On Monday, White House leaders, technical experts and health officials issued a unified statement. The statement said the government has opened about 29,000 research papers on the new coronavirus on its website. These papers are completely open, and the website allows artificial intelligence tools for the technology industry to (they can scan and analyze data together) Discover new insights about viruses.

Kratsios said in a statement: “The rapid action of U.S. technology companies is critical to preventing, detecting, treating, and developing solutions for new coronaviruses.”

During the same week as new initiatives in Washington and Silicon Valley, dozens of engineers, executives and epidemiologists issued an open letter calling on companies to take tougher steps to combat the new coronavirus. Specifically, they encouraged Apple and Google to adopt a “privacy protection” feature that would help doctors determine who has been in contact with patients who have been subsequently tested positive for coronavirus.

“Tech companies have taken important actions, such as closing offices in affected areas and displaying custom search results in user-generated content. But we believe that there is a lot more that Silicon Valley can do before the epidemic is brought under control. . “

3. “If technology violates privacy, it may put more lives at risk”

Smartphones regularly send their location information to wireless carriers, and by the way to some technology companies, including Google and Facebook, or some of their services may not work properly. Apps that provide weather forecasts, ride-hailing services, and ordering items also collect user location information. Some people also sell this information to data mining companies to get business opportunities from it.

Privacy defenders often object to this commercial use of location data, and they call for stricter laws to govern its use. Recent news about Israel’s plan to use location data to help track the new coronavirus has also sparked heated discussions about the use ofThese data are used to stop the spread of the disease and provide medical assistance to infected people. How to comment legally and morally? ”
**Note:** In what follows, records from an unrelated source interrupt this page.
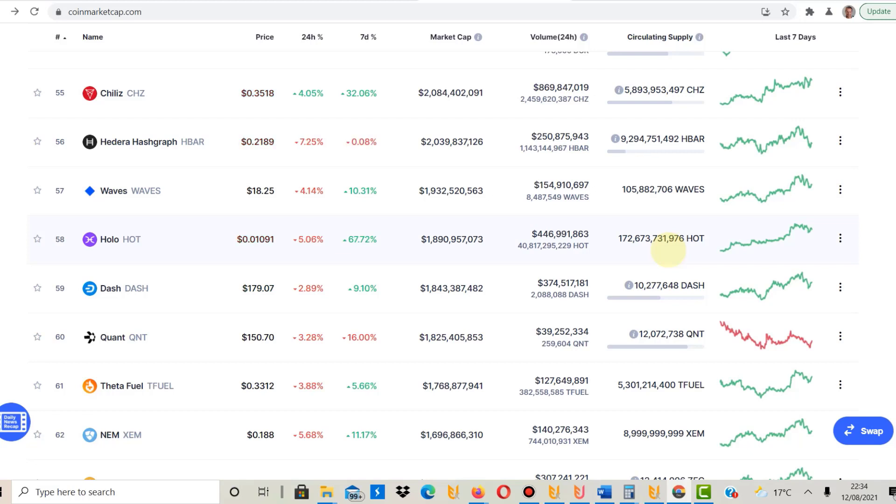I normally do dollar cost averaging, but at the moment because Quant has pumped so much I've actually stopped buying. I did a video a few days ago when we were at the all-time high and I told you that I would wait probably until we get down to around $135. Now have I changed my mind? I'm going to show you that now.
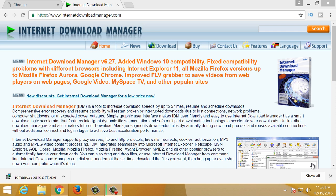Friends, this is our video. We will download the Internet Download Manager in the computer. First, we will go to www.internetdownloadmanager.com.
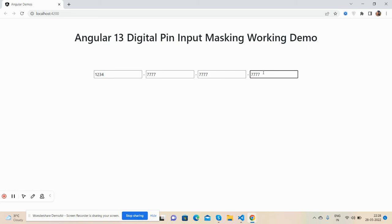And guys, like I said, I will share the code snippet link inside this video description, so please get the code. And if you have any kind of query, suggestion, or requirement, then please comment on this video. Also please contact me via my blog. I will share all the details in this video description.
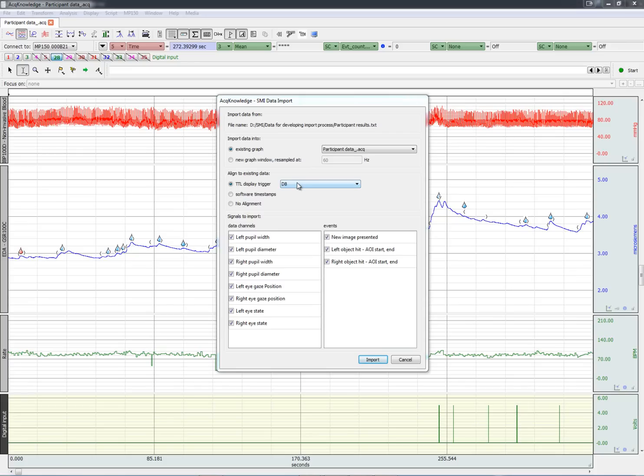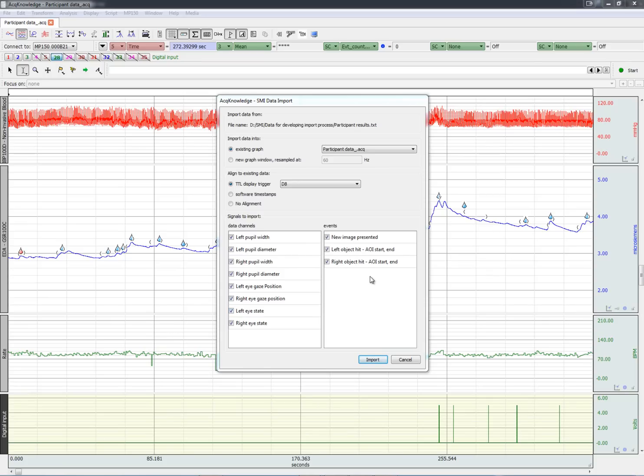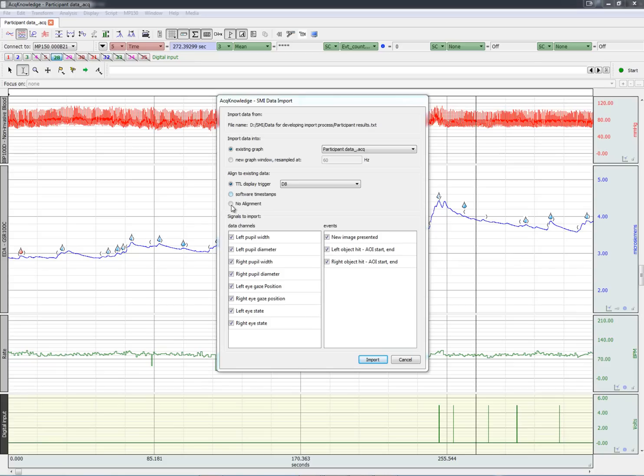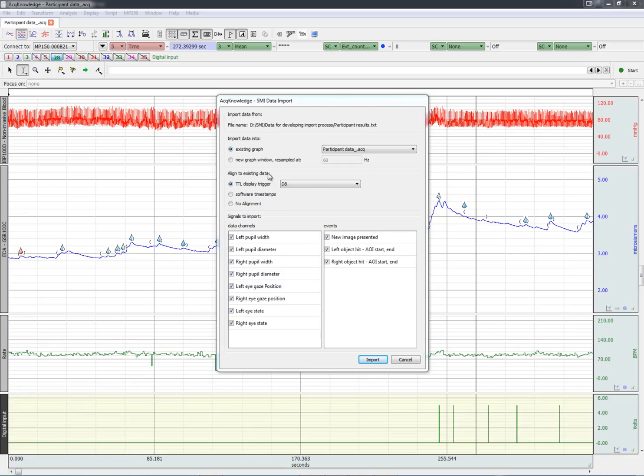We can also choose which signals and event markers to import. Note that we could also use software alignment or no alignment. But the highest accuracy, of course, is achieved via a TTL trigger marker. Let's import the data.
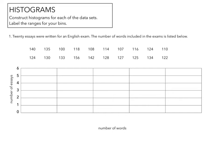Alright, so the first set of data that we're going to be looking at is for histograms. Histograms is creating what kind of looks like a bar graph, but it's a vertical bar graph. So the data that we have is 20 essays were written for an English exam. The number of words included in the exams is listed below. So we look at number of essays is on the left hand side, number of words is on the right hand side.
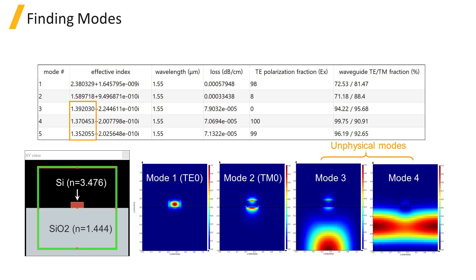So from the investigation of the mode list, you can conclude that this waveguide supports only two modes, one TE and one TM.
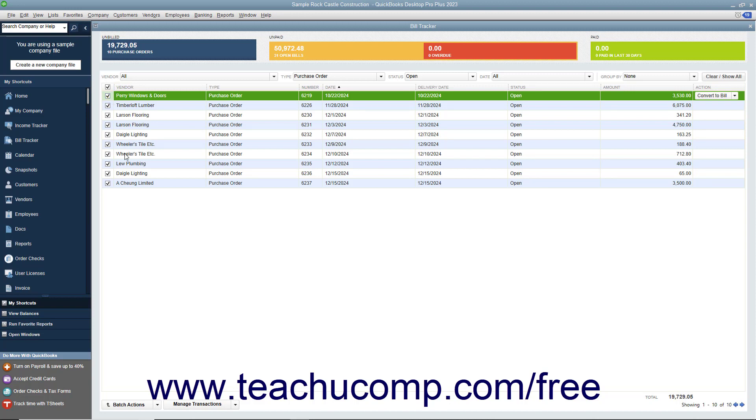After selecting the items, then click the Batch Actions dropdown button in the lower left corner of the Bill Tracker window and select the action to perform from the pop-up menu that appears.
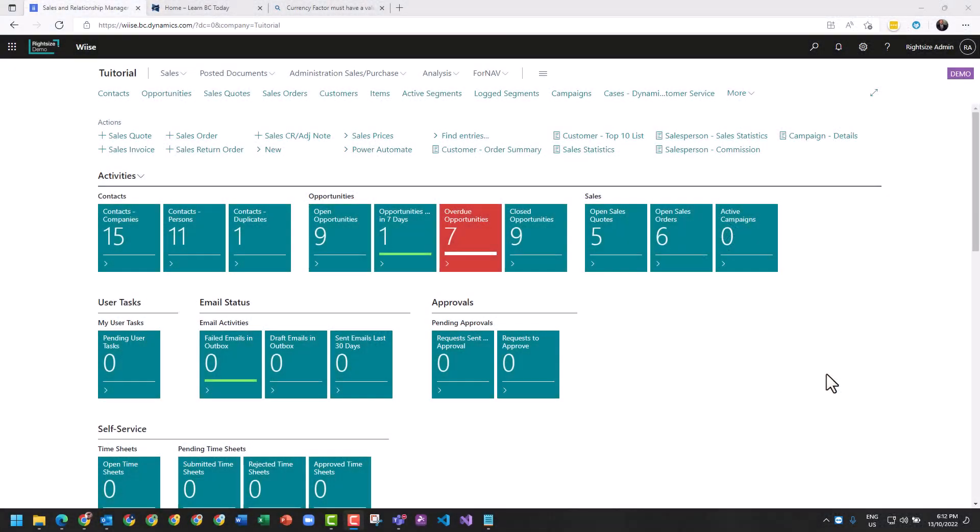Within Business Central we're regularly asked what do I do about my CRM, so this is a brief introduction to the sales and relationship management role within Business Central. As you can see, this role looks a little bit different.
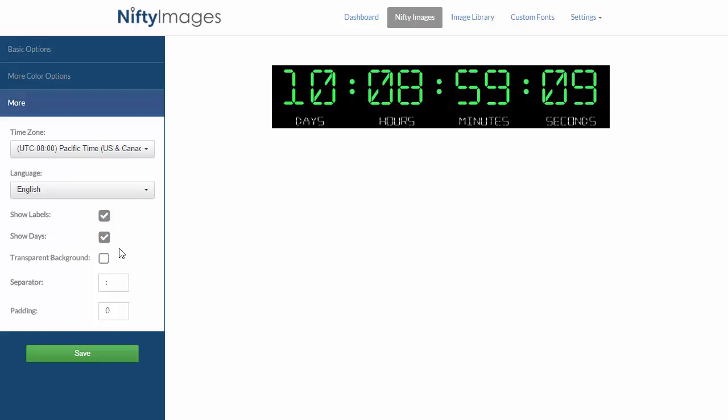We also have an option of making this background transparent, so you can put it on top of your own background image if you want to get more creative. Lastly, you can change the separator from a colon to another character or symbol, and add padding to this image.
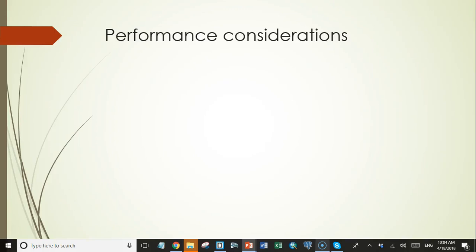Welcome back students. In this lecture, we're going to talk about some performance issues when working with remote databases.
“It’s difficult to strike a balance between privacy protection and epidemic policy,” Stanford Law School (Stanford Law School) (Center for Internet and Society) Privacy Director Al Gidari wrote on twitter last week. “This is not a law school exam. Technology can save lives, but improper privacy violations could put more lives at risk.

In 2013, the National Security Agency’s (NSA) employee Edward Snowden publicly disclosed that technology company data was published in the National Security Agency’s (NAS) The role of Silicon Valley in monitoring activities is even more sensitive to these issues, because after that, these companies have been under severe public pressure. The relationship between technology companies and government officials has been very tense in the years since, and it is only gradually improving.

Former US Federal Trade Commission (Federal Trade Commission) Chief Technology Officer Ashkan Soltani has reported Snowden’s news as a reporter. He Said, “When it comes to national security issues, privacy issues are first affected.”

In seeking to fight this new coronavirus, the U.S. government has no plans to collect and maintain a database of Americans’ whereabouts. U.S. officials are also skeptical of the effectiveness of the data: Can the company’s massive geographic data help epidemiologists find patterns and find vulnerable groups? Can it help identify areas at risk, such as stressful hospitals?